Updated 12/23/2020: The first paragraph was revised to more specifically identify the compiler commands to use and to recommend using nvfortran for CUDA Fortran code rather than a PGI compiler mentioned previously.

Follow the example below to build and run a multi-GPU, MPI/CUDA application on the Casper cluster. The example uses the nvcc NVIDIA CUDA compiler to compile a C code. (Use the nvfortran compiler via the nvhpc module if your code is CUDA Fortran.)

Any libraries you build to support an application should be built with the same compiler, compiler version, and compatible flags that were used to compile the other parts of the application, including the main executable(s). Also, when you run the applications, be sure you have loaded the same module/version environment in which you created the applications. This will avoid job failures that can result from missing mpi launchers and library routines. 

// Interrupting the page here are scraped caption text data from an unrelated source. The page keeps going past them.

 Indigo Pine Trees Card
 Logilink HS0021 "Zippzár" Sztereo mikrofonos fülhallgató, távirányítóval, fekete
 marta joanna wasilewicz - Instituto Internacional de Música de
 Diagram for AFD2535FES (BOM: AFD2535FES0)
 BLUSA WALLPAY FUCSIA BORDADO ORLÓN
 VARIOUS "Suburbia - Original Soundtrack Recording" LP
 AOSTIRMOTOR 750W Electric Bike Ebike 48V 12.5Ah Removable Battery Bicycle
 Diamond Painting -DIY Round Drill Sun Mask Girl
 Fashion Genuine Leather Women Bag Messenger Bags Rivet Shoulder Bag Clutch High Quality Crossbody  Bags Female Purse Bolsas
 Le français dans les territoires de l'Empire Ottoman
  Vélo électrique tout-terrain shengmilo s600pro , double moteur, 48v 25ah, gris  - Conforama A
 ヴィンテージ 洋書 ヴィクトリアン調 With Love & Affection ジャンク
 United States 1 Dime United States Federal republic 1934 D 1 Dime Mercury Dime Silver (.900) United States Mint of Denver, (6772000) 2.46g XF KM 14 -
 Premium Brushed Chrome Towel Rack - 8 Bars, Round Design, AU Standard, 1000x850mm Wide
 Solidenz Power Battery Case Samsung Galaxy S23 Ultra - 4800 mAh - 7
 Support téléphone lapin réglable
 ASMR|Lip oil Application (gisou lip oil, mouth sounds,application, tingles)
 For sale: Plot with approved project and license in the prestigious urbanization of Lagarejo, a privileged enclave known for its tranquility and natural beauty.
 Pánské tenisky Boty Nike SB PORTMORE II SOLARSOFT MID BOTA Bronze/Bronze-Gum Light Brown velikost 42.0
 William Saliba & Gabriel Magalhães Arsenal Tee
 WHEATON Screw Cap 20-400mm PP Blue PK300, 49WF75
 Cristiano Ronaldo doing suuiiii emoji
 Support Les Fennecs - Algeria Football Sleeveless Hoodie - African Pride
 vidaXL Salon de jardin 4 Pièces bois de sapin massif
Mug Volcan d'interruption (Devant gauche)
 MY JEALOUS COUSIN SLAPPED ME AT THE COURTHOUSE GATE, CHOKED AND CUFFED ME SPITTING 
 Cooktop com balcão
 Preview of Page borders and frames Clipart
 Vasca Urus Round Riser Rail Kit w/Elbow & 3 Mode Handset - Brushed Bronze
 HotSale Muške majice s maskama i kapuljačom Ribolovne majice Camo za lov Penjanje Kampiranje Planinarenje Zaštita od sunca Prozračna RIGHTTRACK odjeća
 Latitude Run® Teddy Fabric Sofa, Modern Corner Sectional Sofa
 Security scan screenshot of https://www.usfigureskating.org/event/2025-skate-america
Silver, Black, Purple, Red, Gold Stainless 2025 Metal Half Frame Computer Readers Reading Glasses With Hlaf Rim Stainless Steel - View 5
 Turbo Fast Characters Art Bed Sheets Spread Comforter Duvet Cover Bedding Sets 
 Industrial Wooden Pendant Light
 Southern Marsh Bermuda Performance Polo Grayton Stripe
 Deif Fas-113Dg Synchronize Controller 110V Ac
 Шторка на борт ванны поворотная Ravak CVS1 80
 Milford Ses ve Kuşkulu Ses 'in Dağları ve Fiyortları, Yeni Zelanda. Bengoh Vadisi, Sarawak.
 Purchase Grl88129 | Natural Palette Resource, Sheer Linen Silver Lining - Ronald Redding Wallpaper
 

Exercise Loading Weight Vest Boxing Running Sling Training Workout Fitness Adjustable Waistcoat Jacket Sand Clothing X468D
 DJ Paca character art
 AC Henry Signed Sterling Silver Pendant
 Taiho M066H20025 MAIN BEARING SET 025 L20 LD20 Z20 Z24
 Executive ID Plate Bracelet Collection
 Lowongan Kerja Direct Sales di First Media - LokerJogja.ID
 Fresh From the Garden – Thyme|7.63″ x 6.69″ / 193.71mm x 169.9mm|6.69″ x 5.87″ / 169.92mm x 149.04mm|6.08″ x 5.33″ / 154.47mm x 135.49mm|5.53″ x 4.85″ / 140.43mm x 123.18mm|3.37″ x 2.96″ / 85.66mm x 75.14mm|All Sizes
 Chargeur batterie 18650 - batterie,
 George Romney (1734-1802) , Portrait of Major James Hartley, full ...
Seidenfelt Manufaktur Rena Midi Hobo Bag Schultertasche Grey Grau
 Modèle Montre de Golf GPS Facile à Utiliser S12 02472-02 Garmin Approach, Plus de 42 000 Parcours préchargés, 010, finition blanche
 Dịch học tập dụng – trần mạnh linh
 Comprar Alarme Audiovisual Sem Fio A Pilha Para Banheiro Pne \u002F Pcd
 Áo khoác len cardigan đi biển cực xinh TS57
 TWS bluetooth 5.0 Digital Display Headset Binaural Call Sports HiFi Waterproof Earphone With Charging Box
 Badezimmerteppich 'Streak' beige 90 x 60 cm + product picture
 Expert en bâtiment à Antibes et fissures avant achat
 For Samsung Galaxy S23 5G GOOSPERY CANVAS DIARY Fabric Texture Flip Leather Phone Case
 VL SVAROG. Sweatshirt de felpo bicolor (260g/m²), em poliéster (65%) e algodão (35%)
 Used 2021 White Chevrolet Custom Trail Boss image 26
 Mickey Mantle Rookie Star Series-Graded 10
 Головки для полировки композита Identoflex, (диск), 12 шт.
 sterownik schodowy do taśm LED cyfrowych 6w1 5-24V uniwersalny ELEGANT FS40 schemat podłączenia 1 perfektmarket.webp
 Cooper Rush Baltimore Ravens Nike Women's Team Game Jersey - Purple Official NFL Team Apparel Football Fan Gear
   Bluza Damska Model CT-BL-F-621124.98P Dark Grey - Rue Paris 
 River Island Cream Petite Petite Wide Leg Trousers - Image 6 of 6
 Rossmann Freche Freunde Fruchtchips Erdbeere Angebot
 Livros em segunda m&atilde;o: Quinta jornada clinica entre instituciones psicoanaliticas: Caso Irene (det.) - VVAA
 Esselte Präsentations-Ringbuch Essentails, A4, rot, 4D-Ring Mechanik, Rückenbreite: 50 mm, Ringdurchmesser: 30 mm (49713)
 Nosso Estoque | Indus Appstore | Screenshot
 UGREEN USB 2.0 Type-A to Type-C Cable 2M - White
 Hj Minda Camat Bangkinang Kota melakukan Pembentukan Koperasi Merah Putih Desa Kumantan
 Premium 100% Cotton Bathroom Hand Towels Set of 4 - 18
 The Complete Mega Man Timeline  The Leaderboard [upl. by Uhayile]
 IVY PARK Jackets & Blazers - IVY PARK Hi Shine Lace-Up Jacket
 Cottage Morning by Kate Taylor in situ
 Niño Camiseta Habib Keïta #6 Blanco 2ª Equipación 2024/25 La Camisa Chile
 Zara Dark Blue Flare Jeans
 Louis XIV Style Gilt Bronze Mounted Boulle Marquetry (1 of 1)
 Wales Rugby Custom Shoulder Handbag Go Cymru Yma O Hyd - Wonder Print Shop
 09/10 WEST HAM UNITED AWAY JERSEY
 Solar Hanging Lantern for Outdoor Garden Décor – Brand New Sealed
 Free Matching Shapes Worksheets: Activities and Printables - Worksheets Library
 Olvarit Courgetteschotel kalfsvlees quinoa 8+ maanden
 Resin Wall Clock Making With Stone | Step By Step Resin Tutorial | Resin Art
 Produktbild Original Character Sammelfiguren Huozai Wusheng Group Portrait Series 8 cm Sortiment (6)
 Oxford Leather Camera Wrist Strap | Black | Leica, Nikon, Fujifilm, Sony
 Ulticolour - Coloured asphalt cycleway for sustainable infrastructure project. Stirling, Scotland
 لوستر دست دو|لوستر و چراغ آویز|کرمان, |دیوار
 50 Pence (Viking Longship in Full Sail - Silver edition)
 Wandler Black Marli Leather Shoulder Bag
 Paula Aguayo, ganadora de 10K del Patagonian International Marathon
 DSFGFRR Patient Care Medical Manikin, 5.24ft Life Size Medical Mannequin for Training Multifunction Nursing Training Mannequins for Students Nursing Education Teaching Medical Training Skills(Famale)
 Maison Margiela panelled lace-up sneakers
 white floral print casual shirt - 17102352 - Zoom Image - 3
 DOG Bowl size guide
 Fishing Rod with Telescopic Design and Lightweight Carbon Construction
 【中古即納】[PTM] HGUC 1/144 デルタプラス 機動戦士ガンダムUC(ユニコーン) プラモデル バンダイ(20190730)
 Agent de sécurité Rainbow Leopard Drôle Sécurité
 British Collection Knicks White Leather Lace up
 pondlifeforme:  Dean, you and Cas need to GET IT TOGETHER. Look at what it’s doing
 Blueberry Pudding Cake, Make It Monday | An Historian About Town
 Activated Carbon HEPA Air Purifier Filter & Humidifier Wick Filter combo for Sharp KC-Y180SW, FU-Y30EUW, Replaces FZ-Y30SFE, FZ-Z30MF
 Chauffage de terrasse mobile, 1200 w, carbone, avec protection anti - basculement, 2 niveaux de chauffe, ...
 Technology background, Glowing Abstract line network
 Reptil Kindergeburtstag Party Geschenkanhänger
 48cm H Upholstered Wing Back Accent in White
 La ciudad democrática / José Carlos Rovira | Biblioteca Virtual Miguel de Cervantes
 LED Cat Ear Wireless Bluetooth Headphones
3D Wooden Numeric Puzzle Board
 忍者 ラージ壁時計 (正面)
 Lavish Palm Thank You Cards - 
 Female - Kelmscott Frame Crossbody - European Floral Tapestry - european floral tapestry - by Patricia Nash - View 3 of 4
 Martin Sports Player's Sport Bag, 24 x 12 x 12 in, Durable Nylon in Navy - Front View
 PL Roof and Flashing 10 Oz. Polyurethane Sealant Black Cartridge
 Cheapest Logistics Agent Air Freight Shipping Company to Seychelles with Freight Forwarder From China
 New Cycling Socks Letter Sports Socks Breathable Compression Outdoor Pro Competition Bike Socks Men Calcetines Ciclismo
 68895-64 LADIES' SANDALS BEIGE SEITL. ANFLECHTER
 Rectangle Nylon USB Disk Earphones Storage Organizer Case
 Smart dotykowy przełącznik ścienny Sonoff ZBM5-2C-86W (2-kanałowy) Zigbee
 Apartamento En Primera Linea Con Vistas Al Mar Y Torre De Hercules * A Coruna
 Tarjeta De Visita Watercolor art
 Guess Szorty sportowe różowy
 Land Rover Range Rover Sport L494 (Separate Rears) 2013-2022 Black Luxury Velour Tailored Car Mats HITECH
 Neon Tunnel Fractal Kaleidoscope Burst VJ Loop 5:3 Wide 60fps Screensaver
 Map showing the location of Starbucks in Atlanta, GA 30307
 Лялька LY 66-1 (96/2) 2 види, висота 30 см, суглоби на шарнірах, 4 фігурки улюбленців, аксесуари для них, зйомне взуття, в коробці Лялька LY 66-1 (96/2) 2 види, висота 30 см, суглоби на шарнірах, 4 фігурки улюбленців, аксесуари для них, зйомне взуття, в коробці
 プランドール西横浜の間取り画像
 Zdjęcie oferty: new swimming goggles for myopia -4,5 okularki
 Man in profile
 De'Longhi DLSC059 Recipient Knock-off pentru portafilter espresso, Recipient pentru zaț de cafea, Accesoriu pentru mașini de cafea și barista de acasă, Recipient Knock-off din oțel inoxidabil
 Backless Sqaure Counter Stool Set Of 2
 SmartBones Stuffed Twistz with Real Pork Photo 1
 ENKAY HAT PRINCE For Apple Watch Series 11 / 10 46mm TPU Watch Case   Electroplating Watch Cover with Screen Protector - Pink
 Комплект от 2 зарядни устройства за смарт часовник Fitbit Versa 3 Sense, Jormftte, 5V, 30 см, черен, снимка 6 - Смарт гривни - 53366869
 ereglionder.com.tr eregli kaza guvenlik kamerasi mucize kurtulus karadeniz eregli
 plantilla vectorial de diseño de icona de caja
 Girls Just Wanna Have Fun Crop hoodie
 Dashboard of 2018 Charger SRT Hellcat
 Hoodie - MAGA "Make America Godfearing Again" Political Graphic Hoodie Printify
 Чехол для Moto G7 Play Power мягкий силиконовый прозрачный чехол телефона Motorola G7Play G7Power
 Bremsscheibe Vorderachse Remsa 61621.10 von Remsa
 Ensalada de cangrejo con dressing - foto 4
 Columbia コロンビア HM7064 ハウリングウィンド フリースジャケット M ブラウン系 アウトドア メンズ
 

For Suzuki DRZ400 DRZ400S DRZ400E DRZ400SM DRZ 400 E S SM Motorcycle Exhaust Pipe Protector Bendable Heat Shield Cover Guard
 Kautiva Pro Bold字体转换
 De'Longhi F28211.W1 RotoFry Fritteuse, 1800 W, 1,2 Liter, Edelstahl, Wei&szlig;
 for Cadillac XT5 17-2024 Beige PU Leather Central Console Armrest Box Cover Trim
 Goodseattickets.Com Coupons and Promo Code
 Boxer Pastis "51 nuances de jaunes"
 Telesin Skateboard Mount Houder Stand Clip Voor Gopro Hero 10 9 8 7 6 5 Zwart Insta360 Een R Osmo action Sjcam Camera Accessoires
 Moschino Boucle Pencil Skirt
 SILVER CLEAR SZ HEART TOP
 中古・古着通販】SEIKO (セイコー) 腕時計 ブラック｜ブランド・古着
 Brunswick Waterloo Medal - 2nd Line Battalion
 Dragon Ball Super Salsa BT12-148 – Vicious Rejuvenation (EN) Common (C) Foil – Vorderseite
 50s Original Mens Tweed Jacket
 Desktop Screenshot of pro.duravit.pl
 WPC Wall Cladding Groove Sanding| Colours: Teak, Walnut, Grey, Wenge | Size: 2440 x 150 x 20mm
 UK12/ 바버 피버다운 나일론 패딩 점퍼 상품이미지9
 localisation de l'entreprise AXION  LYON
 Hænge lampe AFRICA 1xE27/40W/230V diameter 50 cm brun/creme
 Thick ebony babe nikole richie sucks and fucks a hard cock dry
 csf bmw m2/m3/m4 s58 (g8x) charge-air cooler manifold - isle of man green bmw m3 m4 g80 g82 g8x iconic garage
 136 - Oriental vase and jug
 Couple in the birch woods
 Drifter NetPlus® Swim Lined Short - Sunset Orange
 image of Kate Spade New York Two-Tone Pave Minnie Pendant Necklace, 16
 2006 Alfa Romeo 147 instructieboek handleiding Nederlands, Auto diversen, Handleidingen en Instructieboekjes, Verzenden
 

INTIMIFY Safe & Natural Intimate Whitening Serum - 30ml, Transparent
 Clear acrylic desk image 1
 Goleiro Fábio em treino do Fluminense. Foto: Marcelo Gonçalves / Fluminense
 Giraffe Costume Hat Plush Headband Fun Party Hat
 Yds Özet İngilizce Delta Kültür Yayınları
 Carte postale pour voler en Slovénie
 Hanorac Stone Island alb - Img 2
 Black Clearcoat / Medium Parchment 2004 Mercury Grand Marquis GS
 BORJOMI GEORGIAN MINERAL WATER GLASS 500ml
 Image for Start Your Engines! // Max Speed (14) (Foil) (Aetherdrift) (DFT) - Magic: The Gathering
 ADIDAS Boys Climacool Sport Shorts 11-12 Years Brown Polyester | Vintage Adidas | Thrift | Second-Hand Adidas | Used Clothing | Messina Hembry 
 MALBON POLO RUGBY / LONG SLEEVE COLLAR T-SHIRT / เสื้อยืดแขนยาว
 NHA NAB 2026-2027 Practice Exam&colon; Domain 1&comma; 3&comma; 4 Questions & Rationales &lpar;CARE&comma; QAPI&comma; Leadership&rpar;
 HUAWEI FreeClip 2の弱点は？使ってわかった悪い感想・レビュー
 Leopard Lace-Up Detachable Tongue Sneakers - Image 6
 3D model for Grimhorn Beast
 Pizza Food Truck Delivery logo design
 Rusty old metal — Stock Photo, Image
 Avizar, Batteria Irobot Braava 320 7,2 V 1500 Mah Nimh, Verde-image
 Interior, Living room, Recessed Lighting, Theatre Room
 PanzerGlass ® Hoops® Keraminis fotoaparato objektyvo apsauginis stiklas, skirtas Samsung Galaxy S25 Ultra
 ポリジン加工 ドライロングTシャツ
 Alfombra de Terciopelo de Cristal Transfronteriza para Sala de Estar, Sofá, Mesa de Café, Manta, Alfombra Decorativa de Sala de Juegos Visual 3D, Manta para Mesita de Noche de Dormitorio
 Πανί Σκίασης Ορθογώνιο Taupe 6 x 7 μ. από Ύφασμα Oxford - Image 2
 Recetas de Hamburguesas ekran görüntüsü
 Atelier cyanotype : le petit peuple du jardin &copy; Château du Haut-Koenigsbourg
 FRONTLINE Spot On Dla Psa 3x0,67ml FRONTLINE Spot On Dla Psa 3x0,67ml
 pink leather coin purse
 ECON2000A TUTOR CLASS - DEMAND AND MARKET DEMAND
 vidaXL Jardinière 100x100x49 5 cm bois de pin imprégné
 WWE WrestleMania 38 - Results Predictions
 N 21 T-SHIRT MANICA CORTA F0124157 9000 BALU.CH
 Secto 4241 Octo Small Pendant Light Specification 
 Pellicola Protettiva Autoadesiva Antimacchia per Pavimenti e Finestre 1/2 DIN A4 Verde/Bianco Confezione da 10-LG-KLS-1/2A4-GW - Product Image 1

Log in to either Casper or Cheyenne, then copy the sample files from here to your own GLADE file space:

/glade/u/home/csgteam/Examples/mpi_cuda_hello

Run execdav to start an interactive job on a GPU-accelerated Casper node. Request 5 cores for this example. (When you launch the interactive job, your login shell uses 1 core or "slot" from this original request. As you will see below, you will use the 4 that remain when you launch the executable.)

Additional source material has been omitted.